If the world was indeed ‘smaller, simpler, and more orderly’ to Ancients or Medievals (and I’m not so sure that it was) it was also made thus by their evolved Frames of Meaning. And those Frames reached both deep into the dark, but blood-bright beating heart of human existence and high into the Beyond of a Higher Dimension. To Alinsky – again reflecting his own this-worldly, materialist and reductionist Marxist-Leninist youth – these Frames of Meaning (religion not the least of them) are pretty much illusions that not only no longer ‘work’, but that were illusory in the first place (so good riddance to them).
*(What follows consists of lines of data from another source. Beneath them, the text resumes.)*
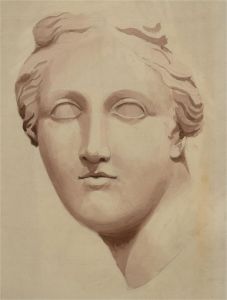 Early 20th Century Watercolour - Classical Head
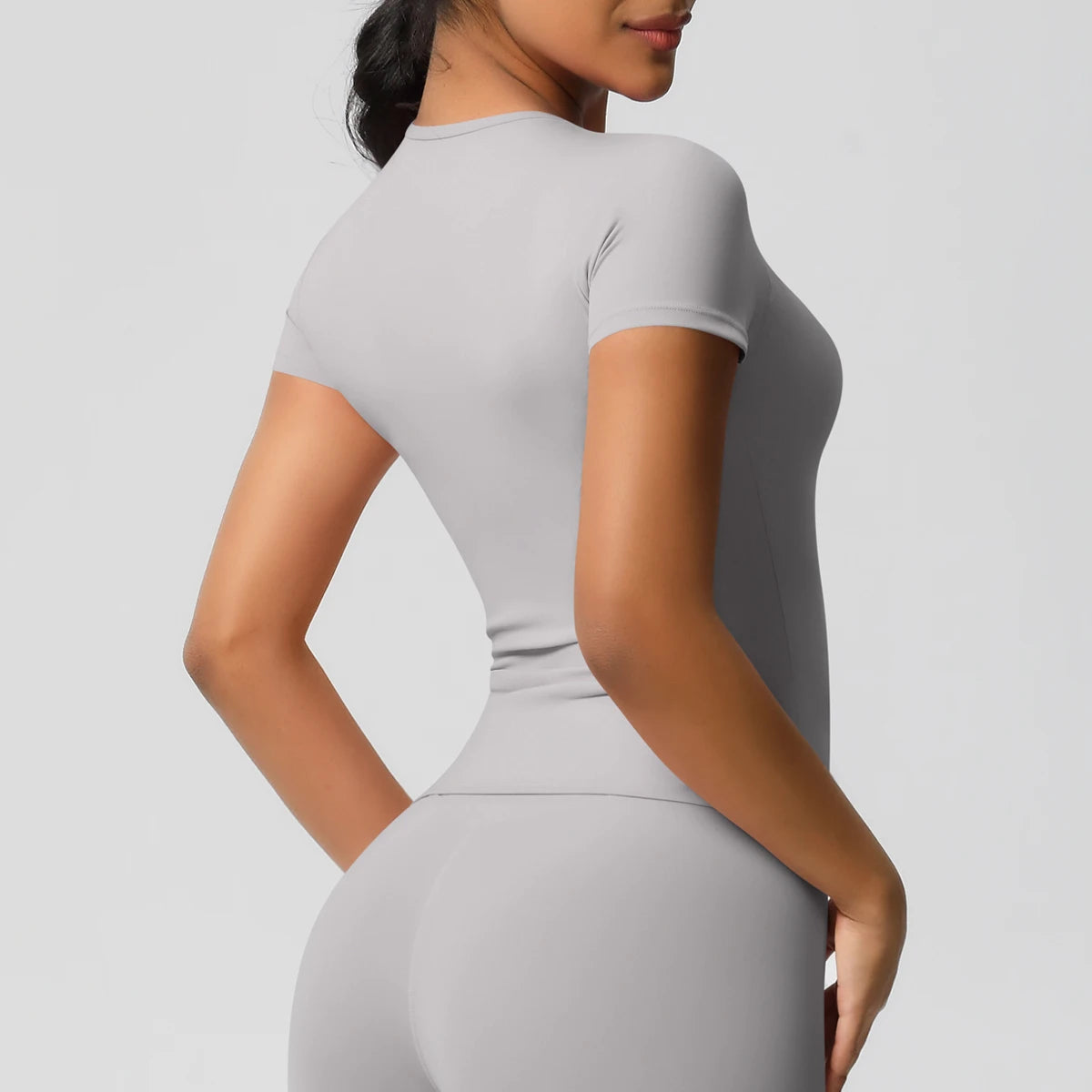 Workout Dry Fit Breathable High Elastic Sports Top Gym Fitness Wear T-shirt Women Casual Outdoor Top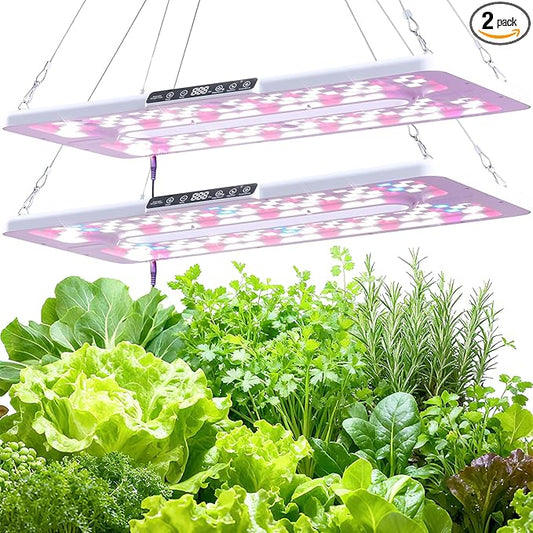 22" x 10" Grow Lights for Indoor Plants and Vegetables, Full Spectrum LED Growing Lamp for Indoor Garden Greenhouse - Features Two Smart Light Mode, 12~23H Timer - 2 Pack (2 in Series White)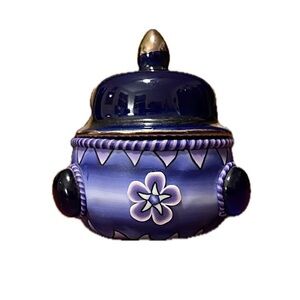 Vintage Mini Purple & White Ginger Jar
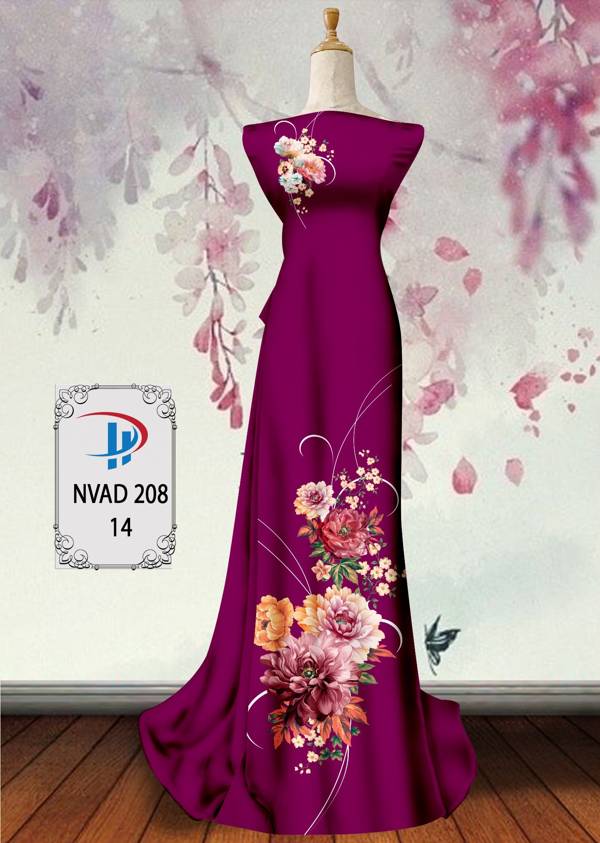 Vải Áo Dài Hoa In 3D Thiết Kế 2021 AD NVAD208 54 Vải Áo Dài Hoa In 3D Thiết Kế 2021 AD NVAD208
Marx’s religion-as-opium is densely present in all of this.

This Flattening effect, and this Flattened world, is what Alinsky passes on to youth who are by the workings of their inexperience already dwelling in a ‘world’ that is limited to appearances and surfaces, and thus for the moment Flat. Alinsky will lock them into that Flatness, trapping them. And – as chemistry demonstrates – the more energies are compressed into an increasingly smaller space, the more intense and heated and agitated their activity and behavior.

Twenty years later, under the influence of French Deconstructionism (itself Marxist influenced) Postmodernism would erect this youthy incompleteness into a Philosophy and a political Plan. And as embraced by the Advocacies of the Identities, which were themselves eagerly embraced and validated and ‘valorized’ by the politicians for their own purposes, Postmodernism would harden this incompleteness into a Flattened ‘new normal’ – and Our national politics would reflect the fluid, watery, yet heated and frenzied agitation of human spirits compressed into far too ‘small’ a conception of Life and Being.

And here We are.

Alinsky then presses on to validate the too-quick conclusions that the Boomer generation makes about life – while also helping to give those errant conclusions Shape and the Authority of Accuracy: “Today’s generation faces all this and says ‘I don’t want to spend my life the way my family and their friends have. I want to do something, to create, to be me, to ‘do my own thing’ to live. The older generation doesn’t understand and, worse, doesn’t want to.”

A lot of things dwell beneath the surfaces of this statement.

First, as is the tendency with all teens, the Boomers needed to and did indeed reject their parents’ ways and habits. That goes with the territory of being ‘young’ and adolescent. Ideally, the young grow beyond that, with guidance, and progress to a more mature, complex, nuanced, and subtle appreciation and grasp of what was ‘good’ in the grown-up way of going about life. Included in that is the competence to distinguish between less vital and more changeable ‘styles’ and ‘fashions’ and the far more vital and indispensable fundamentals: the difference, say, between wanting to change the color of the airline’s uniforms or maybe even the FAA rules about how to keep order in the skies and the lunatic insistence upon defying the very laws of aerodynamics by claiming the ‘total autonomy’ to fly an aircraft with the engines in reverse.

Of course, in a ‘totally fluid’ and utterly ‘relativistic’ world, such a distinction would make no sense. Which is itself an indication of just how much Alinsky went off the rails in offering to ‘teach’ and guide the new generation.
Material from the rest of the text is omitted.